Recorded data:
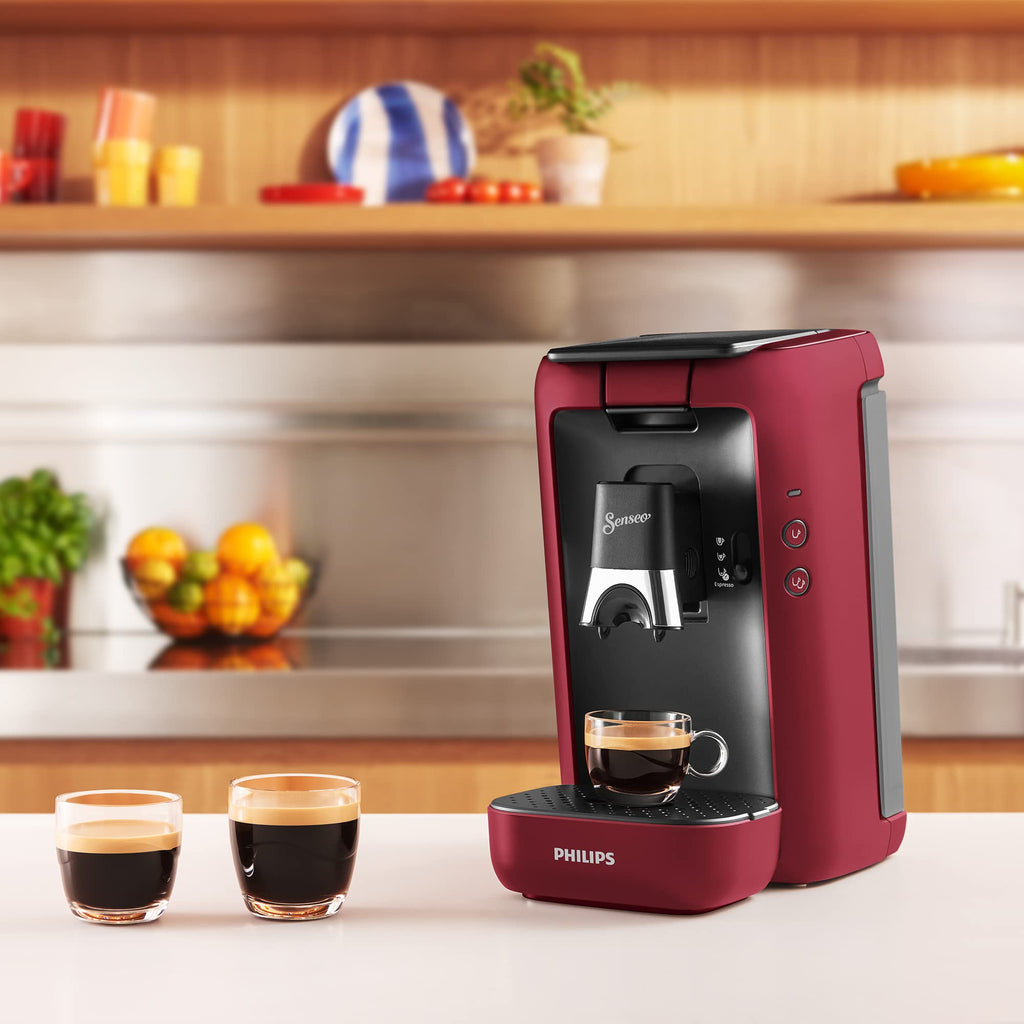 Maestro Device à Café Dosettes Cafetière avec Réservoir d'Eau de 1,2 Litre, Rouge, CSA260/91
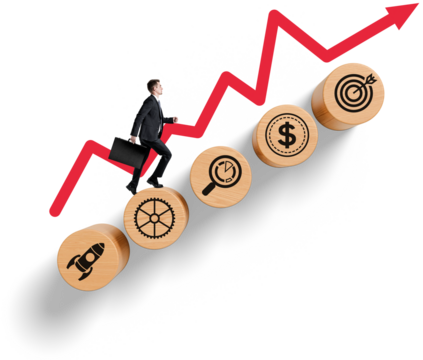 Businessman climbs wooden blocks with startup and finance icons, red arrow shows progress, isolated on white background, concept of business growth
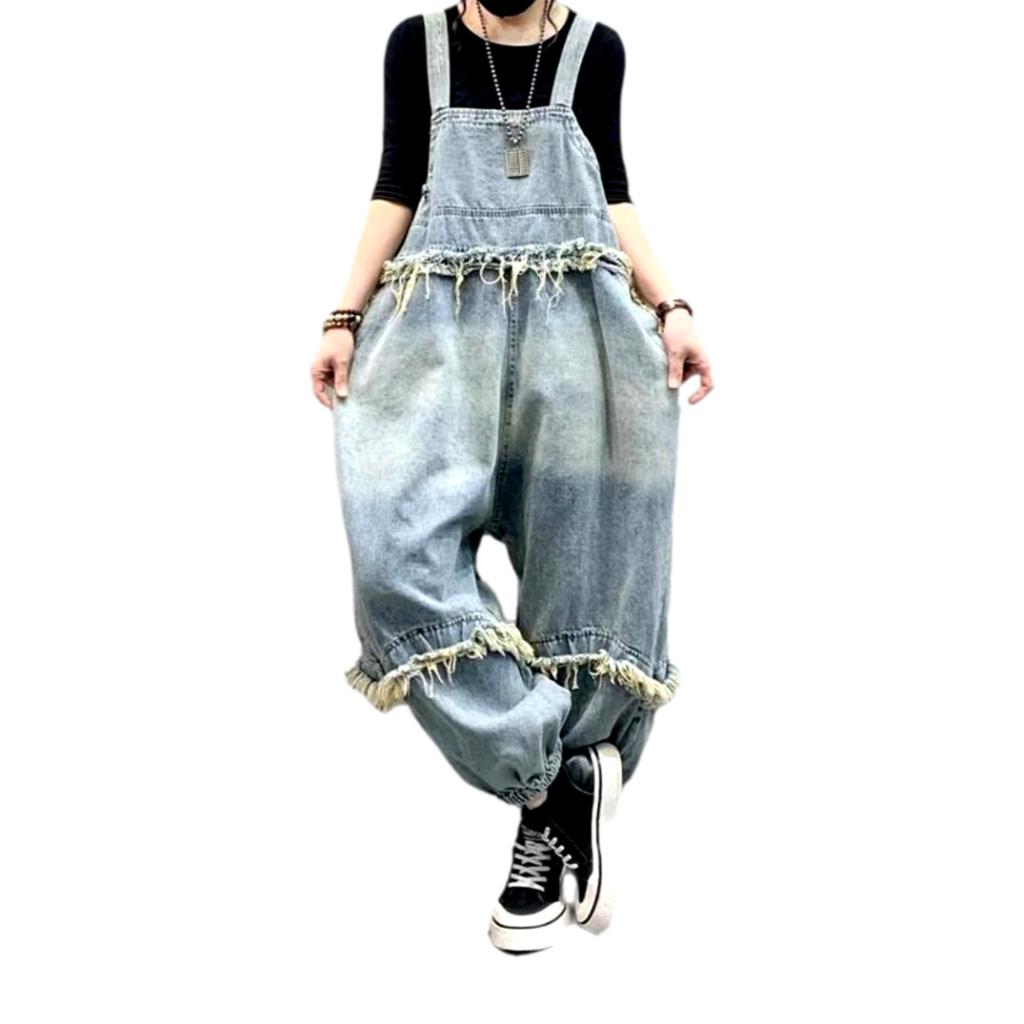 Distressed vintage patchwork denim jumpsuit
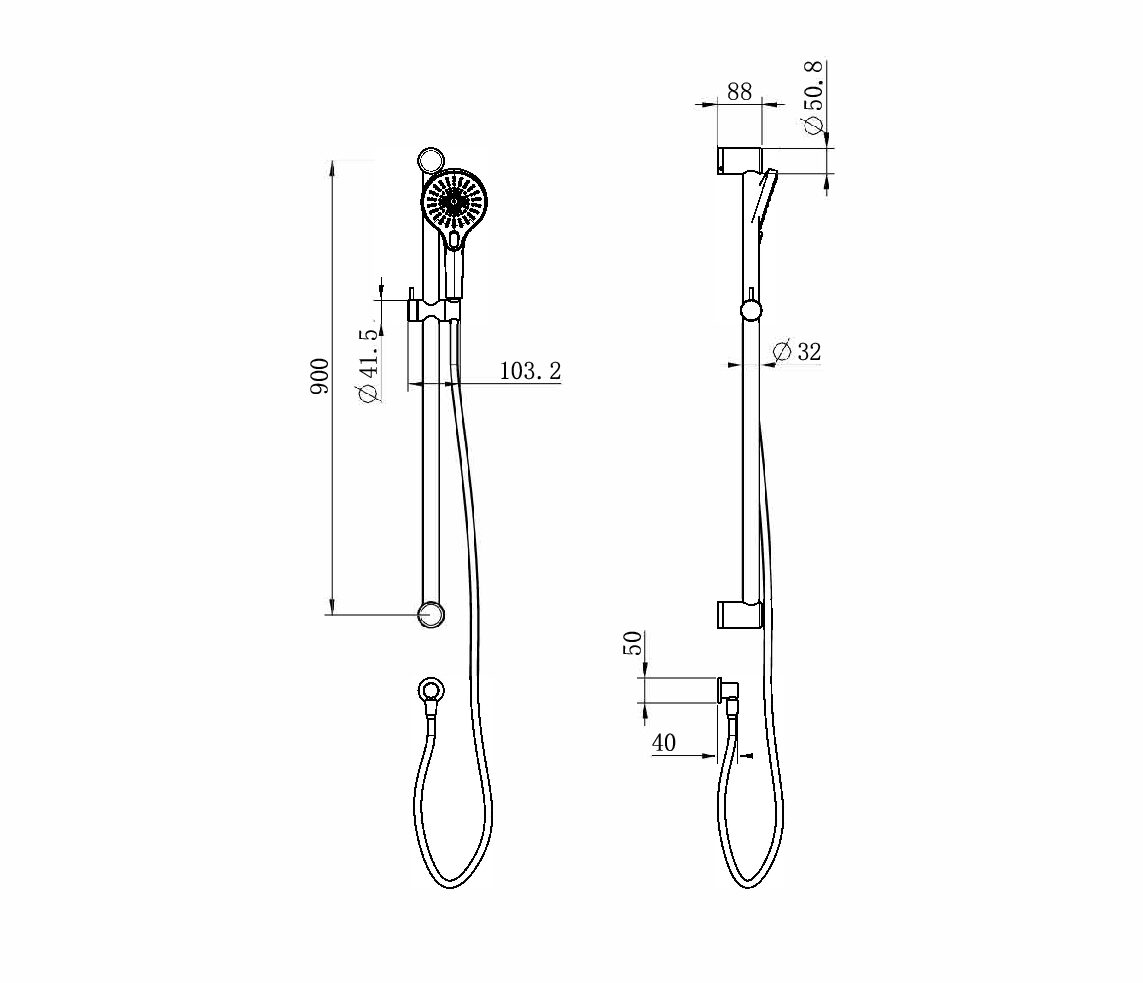 MECCA CARE 32MM GRAB RAIL AND ADJUSTABLE SHOWER RAIL SET 900MM CHROME (NRCS005CH)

Problem to work on:
Take the material above from the line containing "Businessman climbs wooden" up to and including the line containing "Distressed vintage patchwork denim jumpsuit" and retype it exactly, without any pictures.

Answer for this exercise:
 Businessman climbs wooden blocks with startup and finance icons, red arrow shows progress, isolated on white background, concept of business growth
 Distressed vintage patchwork denim jumpsuit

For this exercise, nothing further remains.